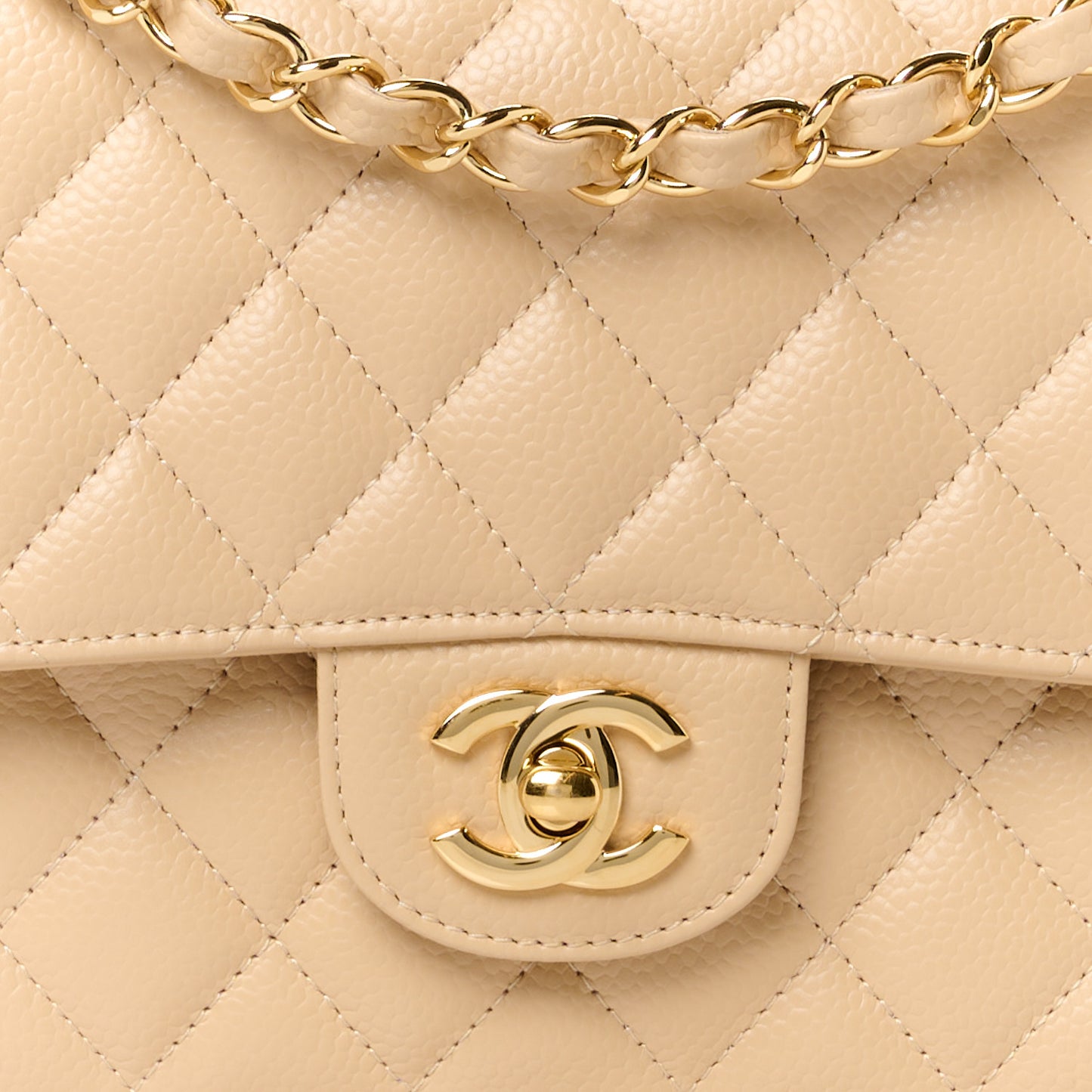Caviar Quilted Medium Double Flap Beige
==
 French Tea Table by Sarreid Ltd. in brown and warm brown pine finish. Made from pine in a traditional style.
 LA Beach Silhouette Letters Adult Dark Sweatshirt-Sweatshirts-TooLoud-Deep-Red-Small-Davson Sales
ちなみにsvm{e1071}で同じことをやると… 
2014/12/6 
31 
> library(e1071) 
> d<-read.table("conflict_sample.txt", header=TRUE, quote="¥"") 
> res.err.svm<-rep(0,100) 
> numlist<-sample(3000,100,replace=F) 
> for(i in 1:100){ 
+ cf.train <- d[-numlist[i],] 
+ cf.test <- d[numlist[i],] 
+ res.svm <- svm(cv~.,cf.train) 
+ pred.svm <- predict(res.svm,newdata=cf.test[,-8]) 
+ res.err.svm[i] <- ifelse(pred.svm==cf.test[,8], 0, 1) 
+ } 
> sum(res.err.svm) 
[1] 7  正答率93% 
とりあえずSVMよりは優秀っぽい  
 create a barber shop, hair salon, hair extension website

YOUR ASSIGNMENT -
For each line in the data that holds the word "train", copy the line.

FINISHED TASK -
+ cf.train <- d[-numlist[i],] 
+ res.svm <- svm(cv~.,cf.train) 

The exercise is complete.